Trump Wants to Let Price-Fixing Oil Execs Off the Hook

The Biden administration barred two fossil fuel executives from taking board seats at Exxon and Chevron after finding they had schemed to fix oil prices. Now Trump wants to let them off the hook — after they donated millions to the GOP this past election.

A Chevron gas station in Berkeley, California, on Thursday, May 1, 2025. (David Paul Morris / Bloomberg)

The Trump administration is giving executives a pass for an alleged price-fixing scheme after they contributed millions to the Republican Party this past election, including the Trump campaign and his inauguration fund.

To reward the oil and gas industry for its political loyalty, Donald Trump’s chair of the Federal Trade Commission (FTC), Andrew Ferguson, took the first steps last month to lift regulatory restrictions imposed on a pair of the sector’s preeminent CEOs and Trump backers. The two were placed under consent orders by the Biden administration for colluding with foreign governments to raise oil prices.

In an op-ed this week, Ferguson made it clear that he intends to fulfill the executives’ petitions to the agency requesting this rollback, so they can rejoin the boards of their companies. “I’m asking my colleagues to undo the onerous and illegal consent decrees put in place by my FTC predecessor against oil and gas companies,” he wrote.

Chevron also submitted a petition to the agency after contributing $2 million to Trump’s inauguration fund.

Under Democratic FTC chair Lina Khan, the agency banned Scott Sheffield, CEO of Pioneer Oil, from joining the board of Exxon, which had recently acquired his company. A few months later, the FTC did the same to block Hess Oil CEO John Hess from taking a board position at Chevron after the two firms merged.

The agency took these actions after finding evidence during their merger reviews that Sheffield and Hess had separately colluded with the Organization of the Petroleum Exporting Countries (OPEC) to manage oil production. OPEC is a cartel of producers from the oil-rich Middle East region and Russia that have an outsize impact on the entire global energy market.

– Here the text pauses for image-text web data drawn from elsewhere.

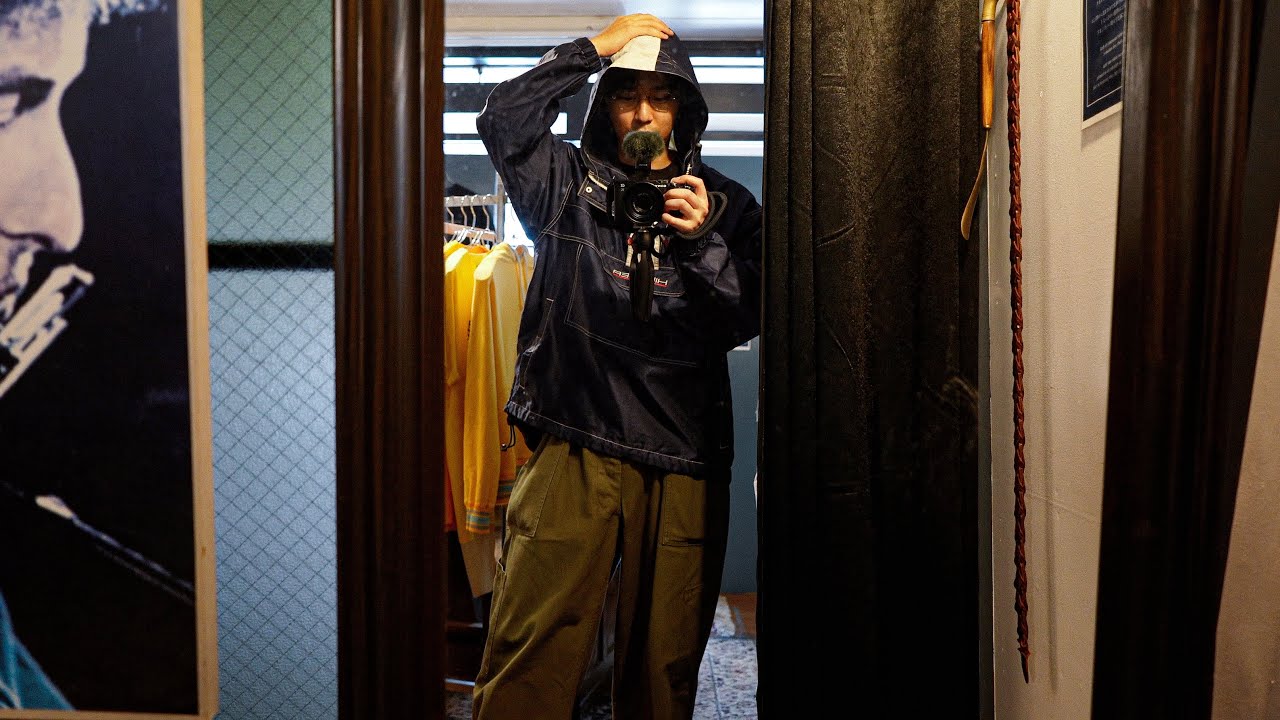 Digging through a 24-hour, unmanned vintage clothing store in 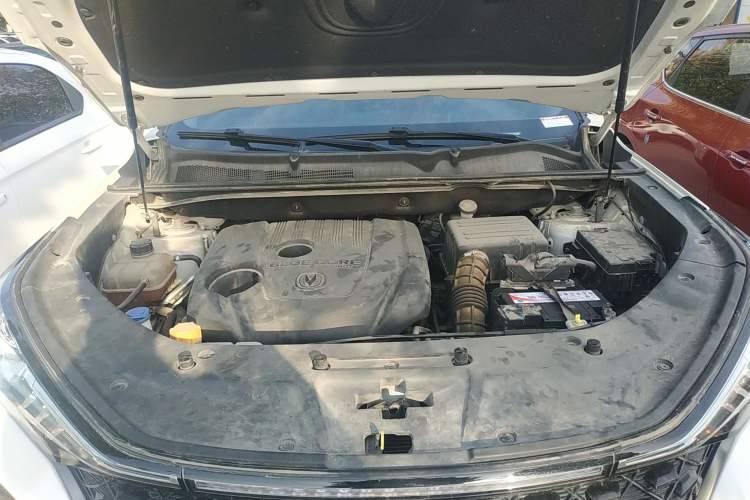 Used CHANGAN CS75 PLUS 2020 1.5T Manual Luxury Version Engine Bay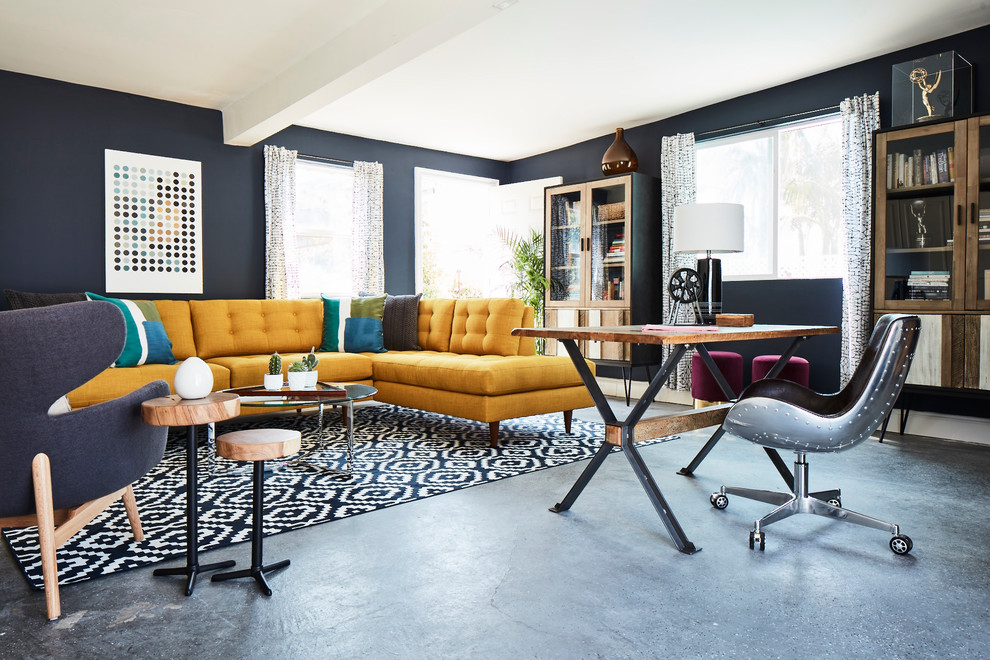 Inspiration för ett stort funkis arbetsrum, med grå väggar, betonggolv, ett fristående skrivbord och grått golv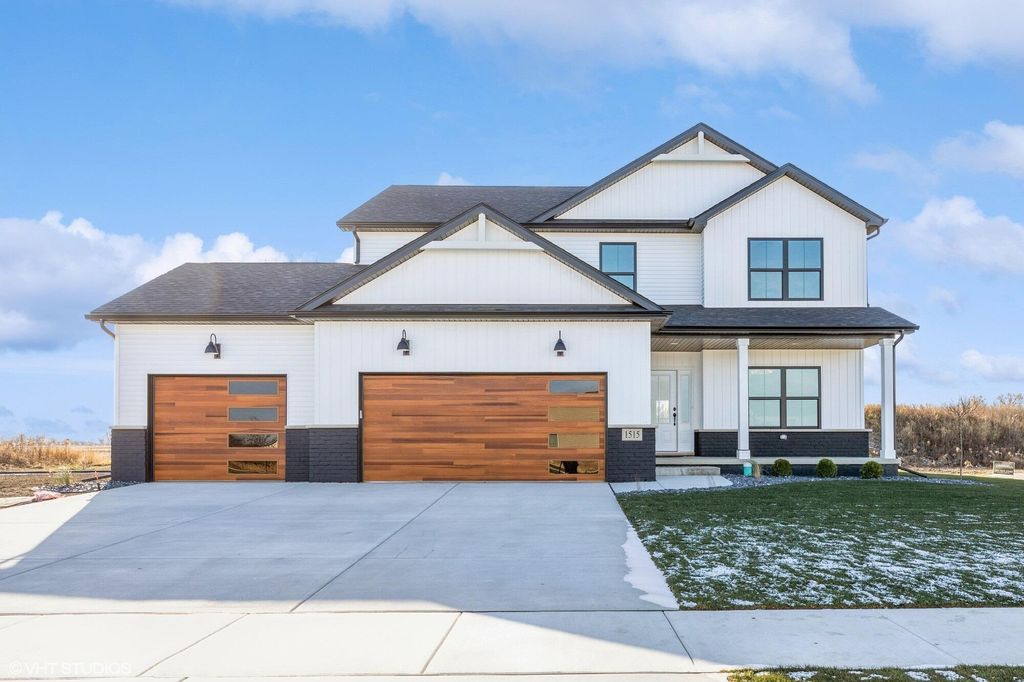Photo of 1317 77th Place, Merrillville, IN 46410 (MLS # 812006)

According to a trove of documents and communications obtained by the agency, both execs conspired with OPEC leaders to keep oil supply low and raise prices to capitalize on market volatility following Russia’s invasion of Ukraine in 2022. The FTC referred the case to the Department of Justice for a potential criminal complaint, and Democrats on the Senate Budget Committee opened a wider probe into potential collusion across energy markets. The congressional investigation is still ongoing.

Oil and gas heads were incensed that regulators would take action against two of their most esteemed titans of industry. At a campaign fundraiser last year, Trump personally promised irate oil executives that he’d treat them more favorably after several complained specifically about the FTC’s meddling in their merger and acquisition deals, according to the Washington Post.

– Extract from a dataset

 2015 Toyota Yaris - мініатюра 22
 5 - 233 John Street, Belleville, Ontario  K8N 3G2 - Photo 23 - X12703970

Shortly after the FTC imposed the consent orders, campaign contributions from Sheffield and Hess, their family members, business associates, and companies started flowing to the Trump campaign.

Sheffield is a longtime rainmaker in Texas GOP politics, spending a total of $4.2 million in federal and state elections since 2020, including contributions from his family members and his company. His son, Bryan Sheffield — who sold his own oil company to his father in 2021 and went to work for him — gave $413,000 to the Republican National Committee for a fund designated to boost the Trump campaign just weeks after his father was put under consent order by the FTC. The younger Sheffield also maxed out individual contributions to the Trump campaign last year.

Sheffield remains on the board of the Williams Companies, a natural gas producer, which gave $25,000 to the RNC fund last year and $500,000 to other GOP spending vehicles.

Hess, a longtime Trump backer, gave a million to Trump’s first inaugural committee through his oil company and was later named to Trump’s Opening the Country Council in 2020 for post-pandemic economic recovery. Trump received $96 million from fossil fuel interests overall last election cycle, one of his top sources of fundraising.